Kemudian beliau Saw. bersabda:
“Wahai Qabishah,
sesungguhnya minta-minta itu tidak dihalalkan keeuali untuk tiga kelompok. (1)
Seseorang yang menanggung hutang untuk mendamaikan perselisihan, maka meminta
itu dihalalkan baginya, sampai ia mendapatkannya, kemudian ia menahan diri
(tidak meminta lagi). (2) Seseorang ditimpa musibah yang menghancurkan
hartanya, maka halal baginya untuk meminta, sehingga dia mendapatkan sesuatu
yang bisa menopang kehidupannya -atau beliau bersabda- sesuatu yang bisa
menutupi hajat hidupnya. (3) Seseorang yang ditimpa kefakiran, sehingga tiga
orang yang berpengetahuan dari kaumnya berkata, “Fulan telah tertimpa
kefakiran.” Maka halal baginya untuk meminta, sehingga dia mendapatkan sesuatu
yang bisa menopang kehidupannya -atau beliau bersabda- sesuatu yang bisa
menutupi hajat hidupnya. Adapun meminta selain itu, wahai Qabishah, maka
merupakan barang haram yang dimakan oleh pelakunya secara haram.”
(SHAHIH. Diriwayatkan
oleh:
Muslim: Kitab az-Zakaah, bab Man
Tahillu Lahul Mas-alah (II/722, no.109)
Abu Dawud: Kitab az-Zakaah, bab Maa
Tajuuzu fiihil Mas-alah (II/290, no.1640)
An-Nasa-i: Kitab az-Zakaah, bab ash-Shadaqah
liman Tahammala bi Hamaalatin (V/89-90, no.2580)
Ad-Darimi: Kitab az-Zakaah, bab Man
Tahillu Lahush Shadaqah (I/396)
Ahmad dalam al-Musnad (V/60) dengan lafazhnya dan dengan
lafazh yang hampir sama (III/477)
Orang yang kuat dan mampu
bekerja (sehingga bisa mencukupi kebutuhan hidupnya dan keluarga yang menjadi
tanggungannya) tidak diberi zakat, kedudukannya seperti orang kaya.
Diriwayatkan dari
‘Ubaidillah bin ‘Adi bin al-Khiyar, beliau berkata:
“Dua orang mengabarkan
kepadaku, bahwa mereka mendatangi Nabi Saw. ketika haji wada’, yaitu ketika
beliau sedang membagi-bagikan zakat.
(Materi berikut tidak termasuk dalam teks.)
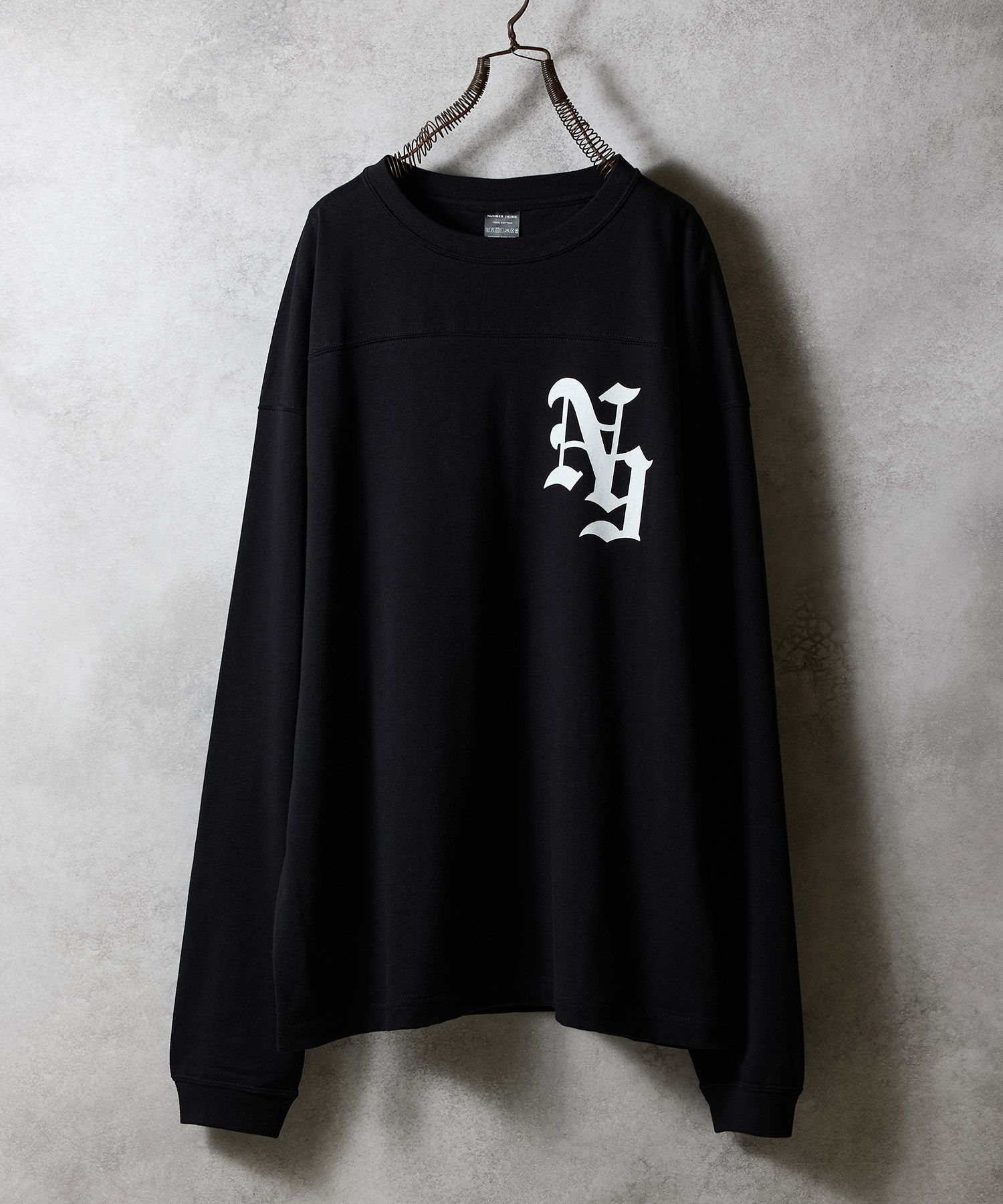 NUMBER (N)INE on X:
Lalu keduanya pun meminta sebagian zakat.
Maka Rasulullah Saw. melihat kami (keduanya) dari atas sampai bawah dan memandang
kami sebagai orang yang kuat. Lalu beliau bersabda, “Jika kalian mau, maka
kalian akan kuberi. Tetapi dalam zakat ini tidak terdapat hak bagi orang kaya
serta orang yang kuat dan mampu bekerja.” (Maksudnya, mampu bekerja untuk
mencukupi kebutuhan hidupnya, sebagaimana yang dikatakan oleh asy-Syaukani)
(SHAHIH. Diriwayatkan
oleh:
Abu Dawud: Kitab az-Zakaah, bab Fiz
Zakaah Hal Tuhmal min Baladin Ila Baladin? (II/285-286, no.1633)
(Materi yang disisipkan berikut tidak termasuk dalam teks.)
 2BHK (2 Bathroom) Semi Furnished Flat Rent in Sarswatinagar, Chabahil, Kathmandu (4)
An-Nasa-i: Kitab az-Zakaah, bab Mas-alatul
Qawiyyil Muktasib (V/99-100, no.2598)
Ahmad dalam al-Musnad (IV/224 dan V/362)
Diriwayatkan dari
Raihan bin Yazid, dari ‘Abdullah bin 'Amr ra., dari Nabi Saw., beliau berkata:
“Zakat itu tidak halal
diberikan kepada orang kaya, serta orang yang kuat dan sehat badannya untuk
bekerja.”
(SHAHIH. HR.
At-Tirmidzi: Kitab az-Zakaah, bab Maa jaa-a man laa Tahillu Lahush Shadaqah
(III/33, no.652), dan beliau berkata, “Hadits ini hasan.”)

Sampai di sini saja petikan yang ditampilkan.